EXERCISE PROMPT: Could you restate the whole listing below word for word, minus the pictures?

*** Opening of GIVEN DATA ***

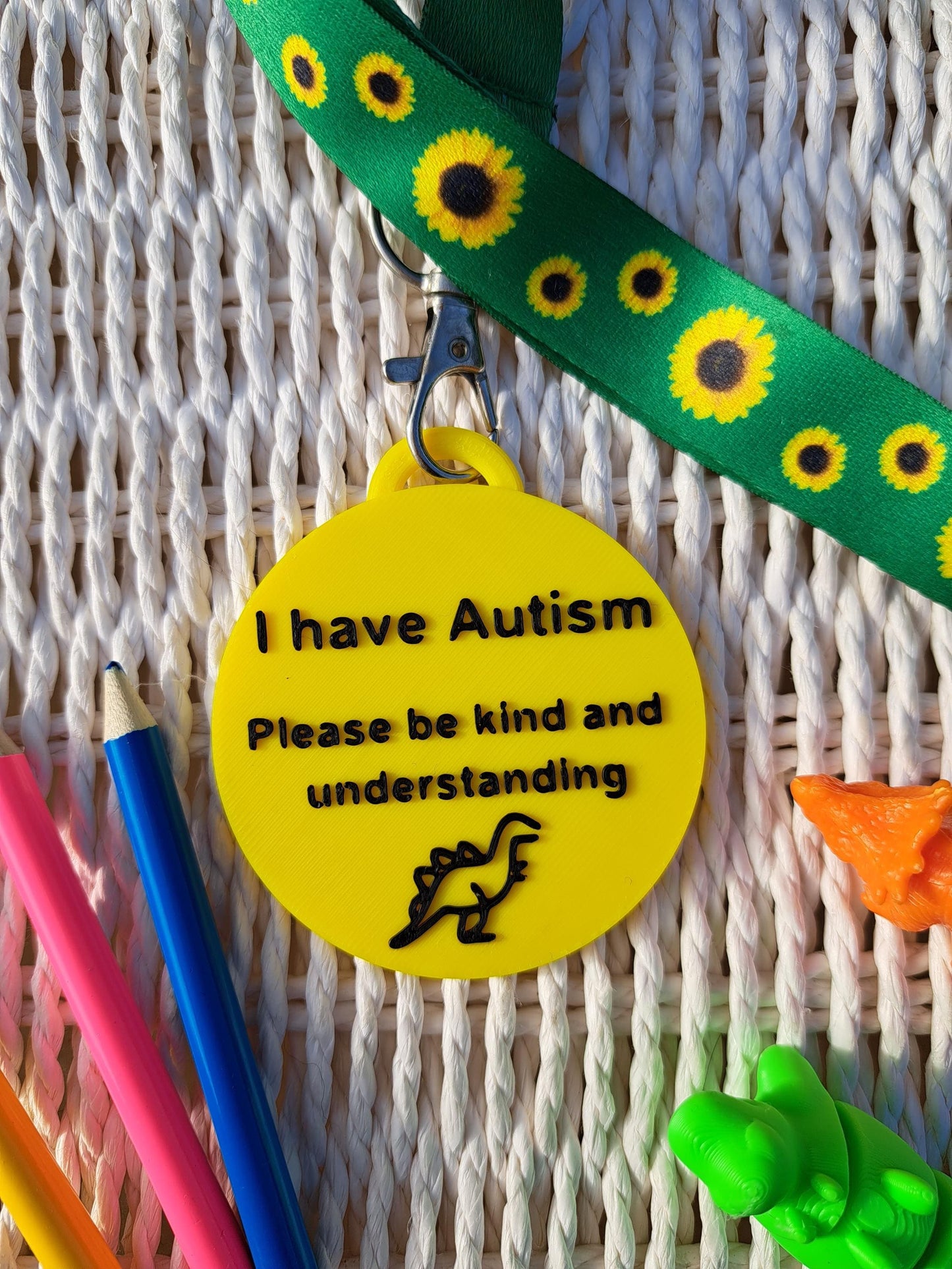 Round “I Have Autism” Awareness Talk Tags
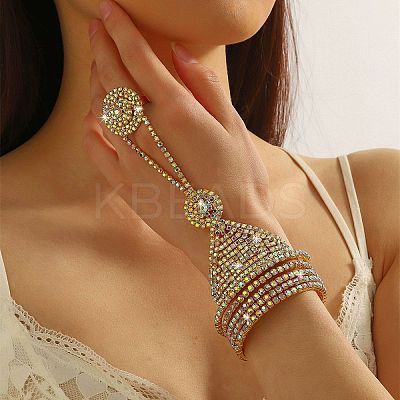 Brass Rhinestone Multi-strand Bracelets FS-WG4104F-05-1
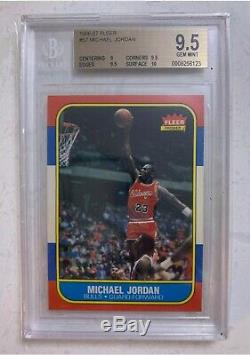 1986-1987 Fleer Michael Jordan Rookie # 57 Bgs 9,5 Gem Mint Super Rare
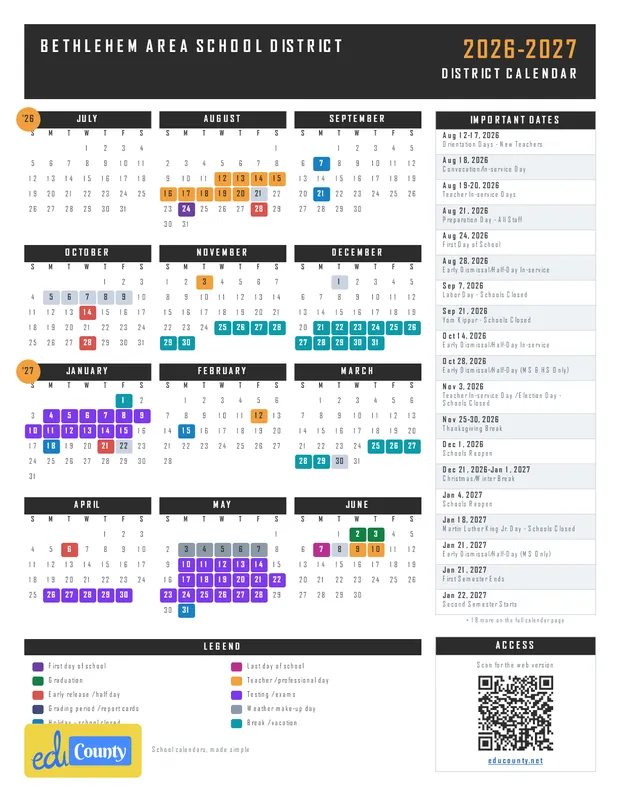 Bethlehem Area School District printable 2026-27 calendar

*** Close of GIVEN DATA ***

ANSWER SECTION:
 Round “I Have Autism” Awareness Talk Tags
 Brass Rhinestone Multi-strand Bracelets FS-WG4104F-05-1
 1986-1987 Fleer Michael Jordan Rookie # 57 Bgs 9,5 Gem Mint Super Rare
 Bethlehem Area School District printable 2026-27 calendar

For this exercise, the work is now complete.